- Opening Delimiter -

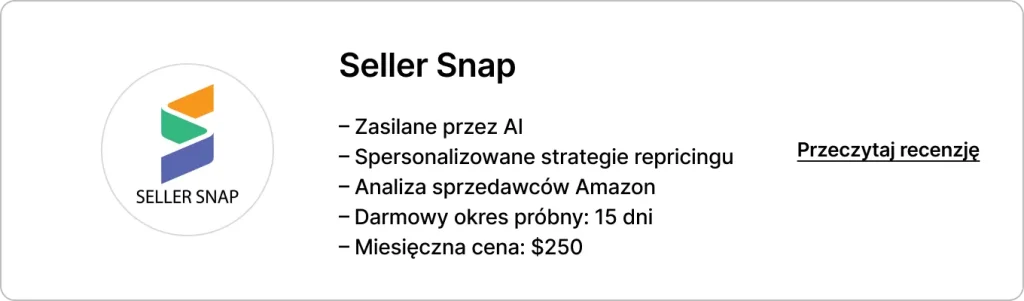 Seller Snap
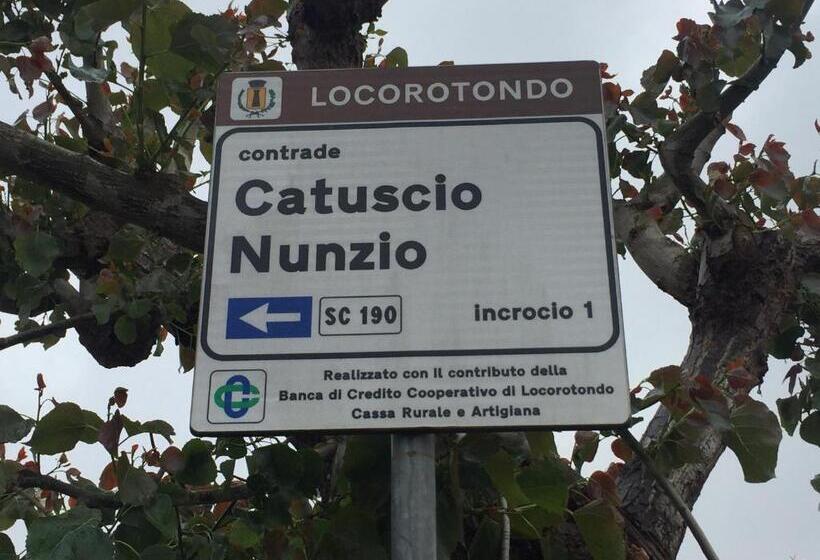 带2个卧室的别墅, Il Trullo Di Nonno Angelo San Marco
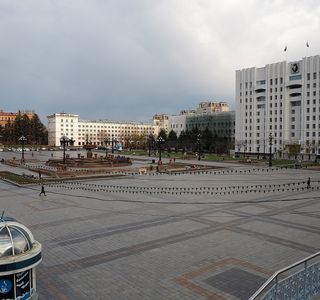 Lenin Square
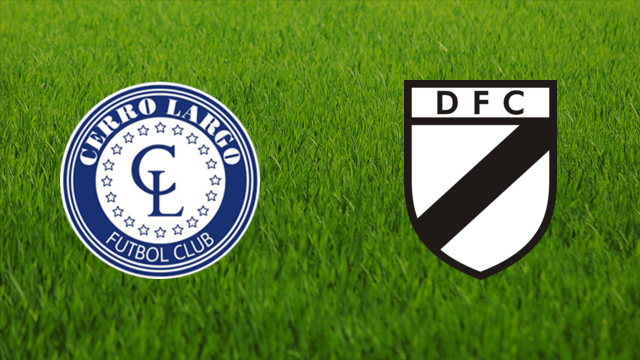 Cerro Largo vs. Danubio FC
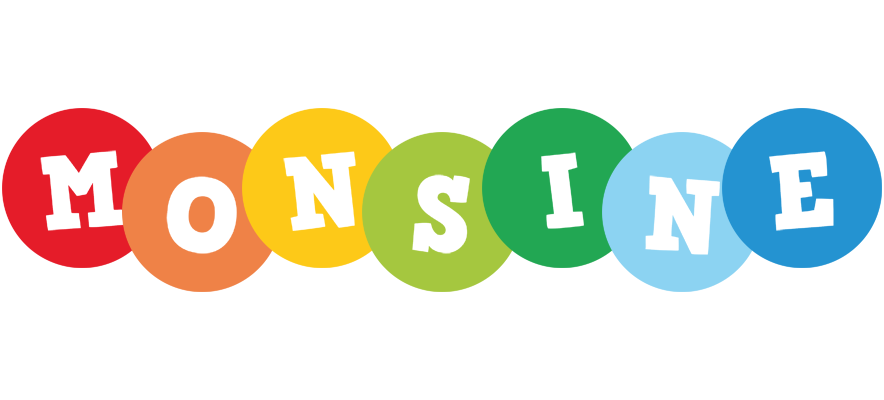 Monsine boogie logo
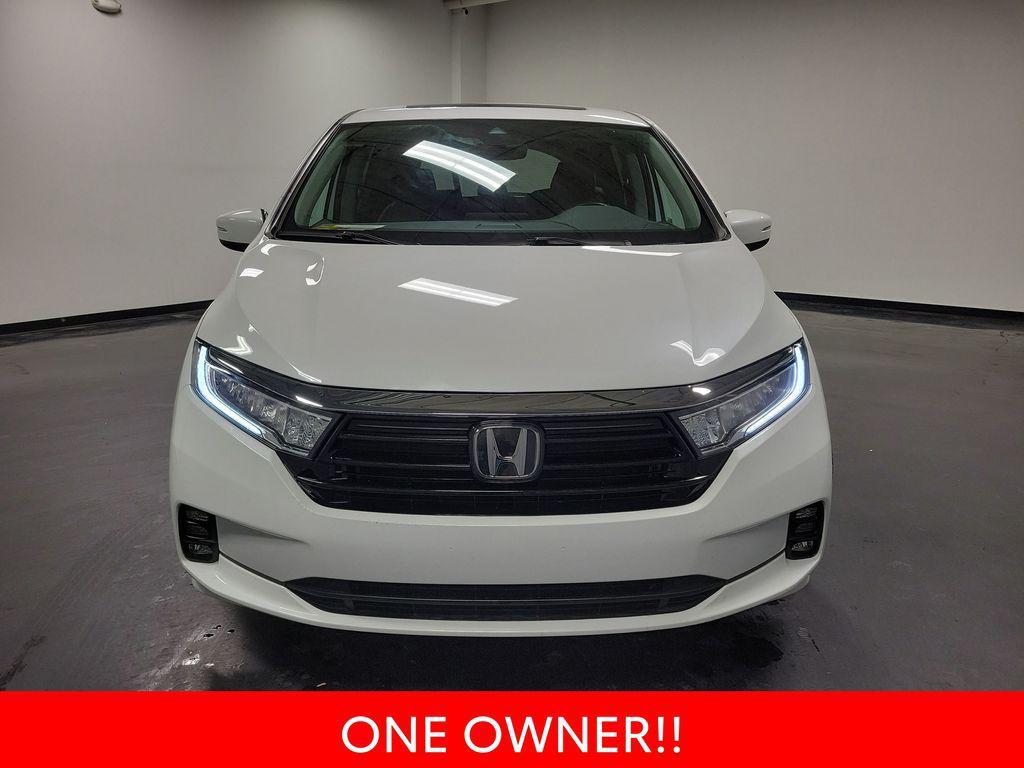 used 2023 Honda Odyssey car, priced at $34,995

- Closing Delimiter -
- Opening Delimiter -

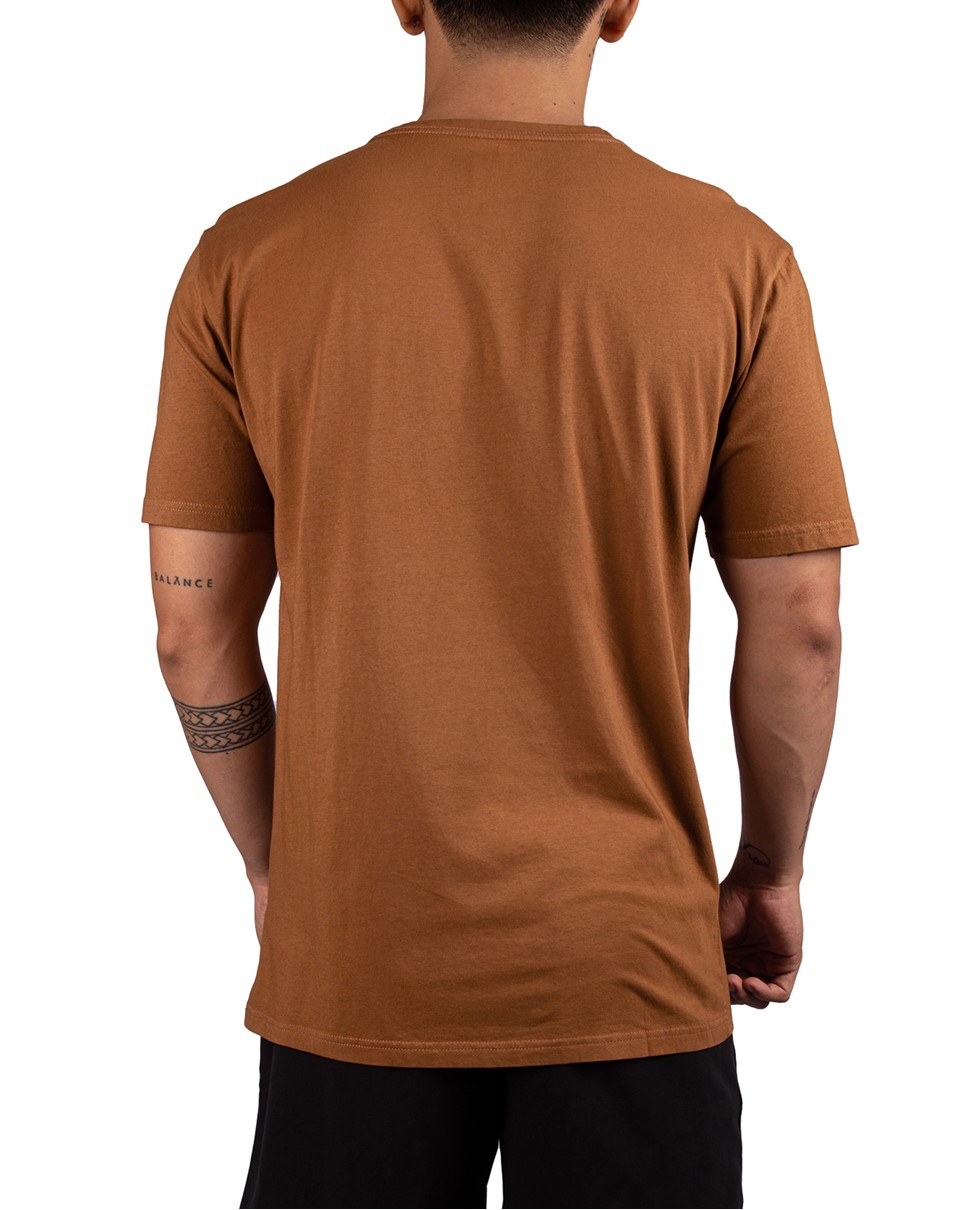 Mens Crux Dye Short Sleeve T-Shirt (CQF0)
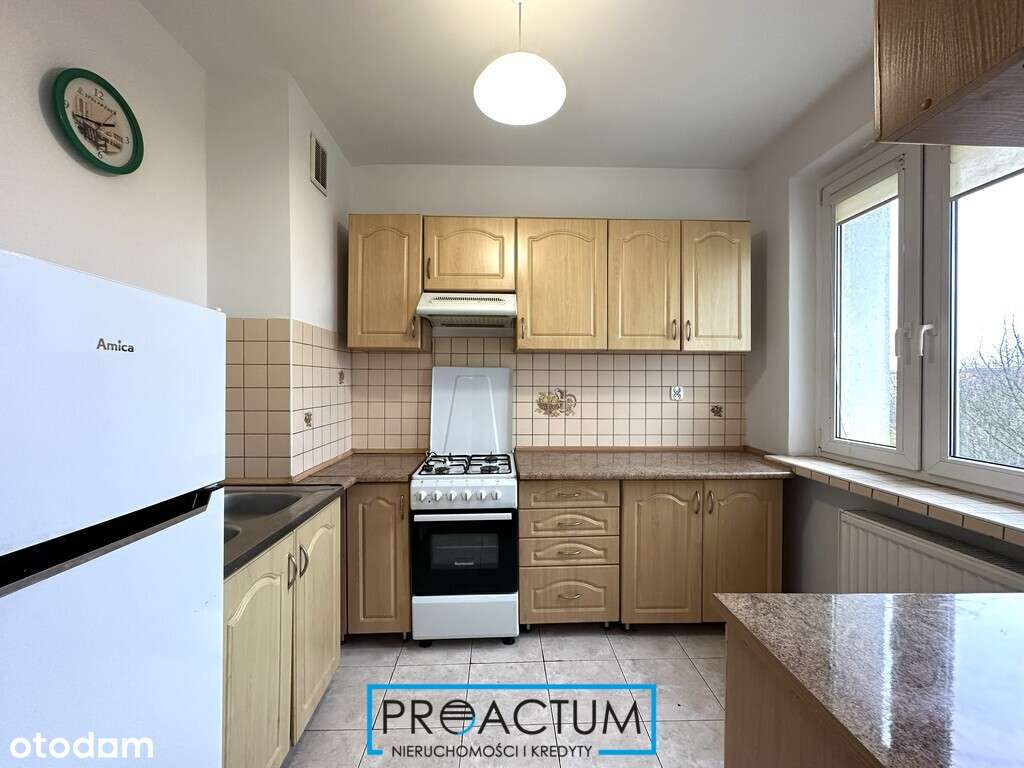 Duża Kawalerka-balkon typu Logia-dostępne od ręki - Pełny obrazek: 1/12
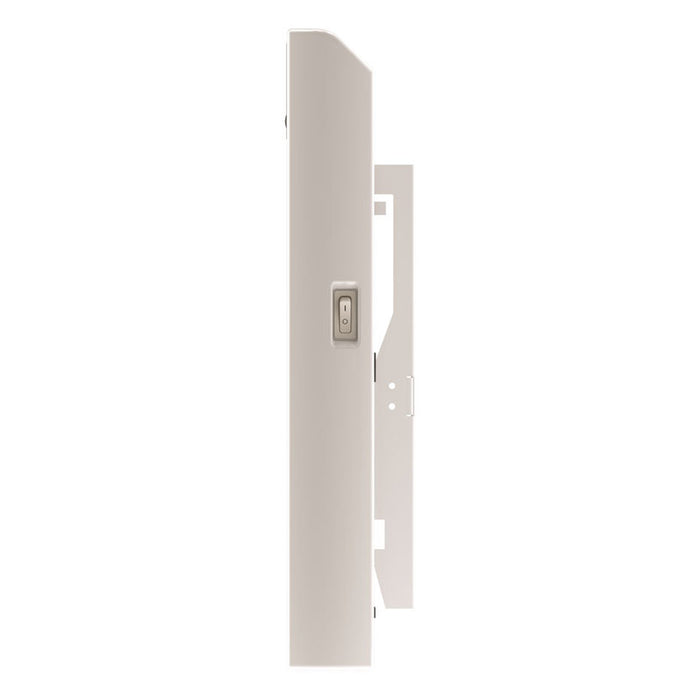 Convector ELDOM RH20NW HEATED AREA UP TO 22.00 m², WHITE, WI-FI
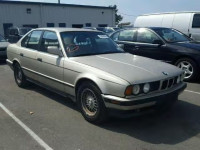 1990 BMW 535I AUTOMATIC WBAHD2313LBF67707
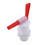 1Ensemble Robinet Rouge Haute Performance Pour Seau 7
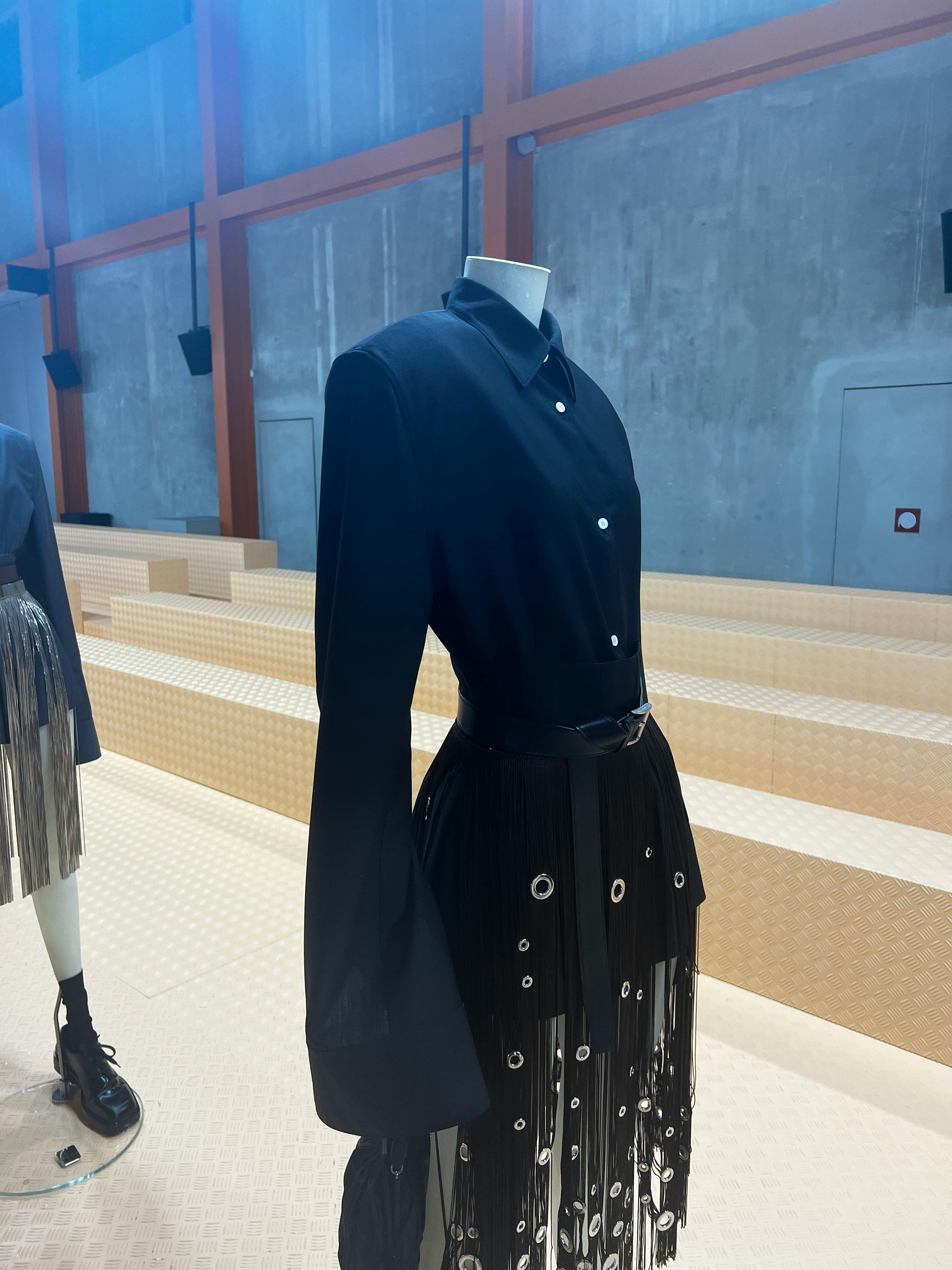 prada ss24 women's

- Closing Delimiter -

• [What needs to be done] In the listing above, find the line with "Cerro Largo vs. Danubio FC" and the line with "used 2023 Honda". Set down both and every line between them, minus the pictures.

• [Task response]
 Cerro Largo vs. Danubio FC
 Monsine boogie logo
 used 2023 Honda Odyssey car, priced at $34,995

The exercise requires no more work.